» Data to process
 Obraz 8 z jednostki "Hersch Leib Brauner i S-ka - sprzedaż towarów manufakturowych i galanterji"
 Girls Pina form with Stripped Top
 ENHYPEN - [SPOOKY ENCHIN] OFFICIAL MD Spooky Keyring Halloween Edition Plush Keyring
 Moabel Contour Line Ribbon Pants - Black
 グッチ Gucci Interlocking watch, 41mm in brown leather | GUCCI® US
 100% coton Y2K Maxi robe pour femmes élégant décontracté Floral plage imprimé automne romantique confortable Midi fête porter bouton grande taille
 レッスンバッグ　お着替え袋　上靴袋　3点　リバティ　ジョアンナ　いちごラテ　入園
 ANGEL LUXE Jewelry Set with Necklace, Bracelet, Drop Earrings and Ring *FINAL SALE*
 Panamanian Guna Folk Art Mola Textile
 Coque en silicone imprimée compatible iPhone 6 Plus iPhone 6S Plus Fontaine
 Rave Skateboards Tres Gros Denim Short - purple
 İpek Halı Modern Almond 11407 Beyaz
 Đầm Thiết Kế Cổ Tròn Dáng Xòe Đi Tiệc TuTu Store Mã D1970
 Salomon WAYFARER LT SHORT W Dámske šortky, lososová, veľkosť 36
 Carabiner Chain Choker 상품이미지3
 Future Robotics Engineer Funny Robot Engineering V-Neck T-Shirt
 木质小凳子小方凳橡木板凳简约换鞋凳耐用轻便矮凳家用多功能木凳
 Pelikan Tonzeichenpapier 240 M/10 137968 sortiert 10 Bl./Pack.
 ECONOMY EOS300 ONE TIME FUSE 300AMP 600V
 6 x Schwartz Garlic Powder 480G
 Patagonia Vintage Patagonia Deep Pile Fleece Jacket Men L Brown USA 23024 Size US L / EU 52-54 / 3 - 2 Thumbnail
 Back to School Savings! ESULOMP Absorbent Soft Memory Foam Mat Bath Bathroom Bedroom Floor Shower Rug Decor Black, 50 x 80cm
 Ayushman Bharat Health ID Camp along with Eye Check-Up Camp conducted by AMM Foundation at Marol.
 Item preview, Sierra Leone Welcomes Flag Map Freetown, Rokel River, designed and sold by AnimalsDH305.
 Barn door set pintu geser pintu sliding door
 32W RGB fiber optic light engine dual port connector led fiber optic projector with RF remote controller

» What to do
The range runs from the line with "Ayushman Bharat Health" to the last line of the entries above, both included. Restate it word for word.

» Your response
 Ayushman Bharat Health ID Camp along with Eye Check-Up Camp conducted by AMM Foundation at Marol.
 Item preview, Sierra Leone Welcomes Flag Map Freetown, Rokel River, designed and sold by AnimalsDH305.
 Barn door set pintu geser pintu sliding door
 32W RGB fiber optic light engine dual port connector led fiber optic projector with RF remote controller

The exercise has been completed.